Find the line containing "BFL Metal Milling" in the listing below; reproduce it and every line after, exactly. Skip pictures.

Provided data
----

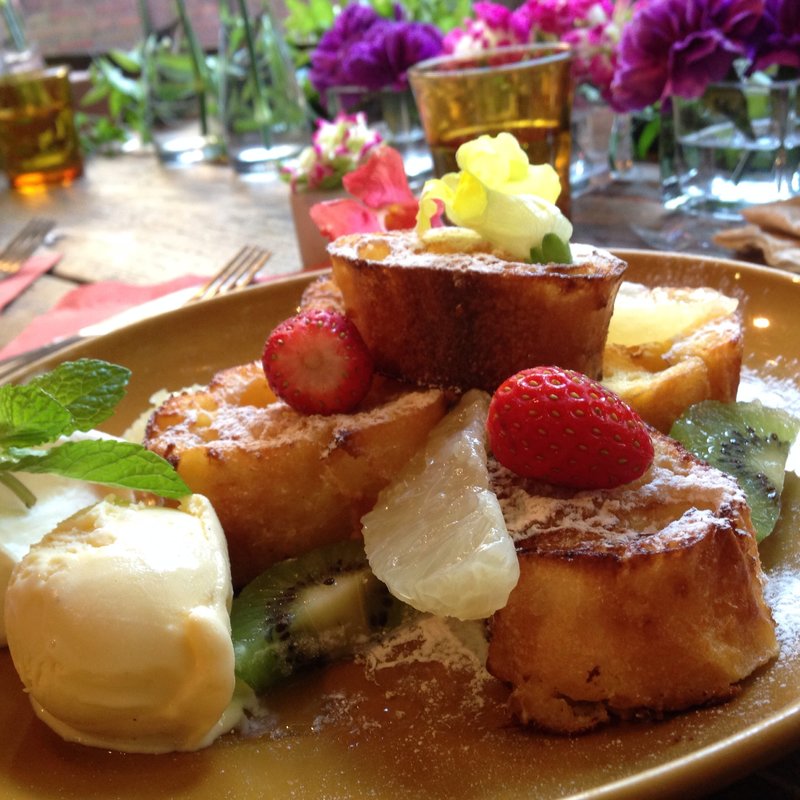 フレンチトースト(青山フラワーマーケット GREEN HOUSE)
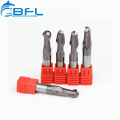 BFL Metal Milling Solid Carbide Ball Nose Cutter Tool For CNC Lathe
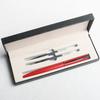 Three-Color Business Gift Gift Box Set, Signature Pen, Black High-End Gift Box, Gift Ballpoint Pen, Pen Box, Orb Pen.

----

Exercise solution
 BFL Metal Milling Solid Carbide Ball Nose Cutter Tool For CNC Lathe
 Three-Color Business Gift Gift Box Set, Signature Pen, Black High-End Gift Box, Gift Ballpoint Pen, Pen Box, Orb Pen.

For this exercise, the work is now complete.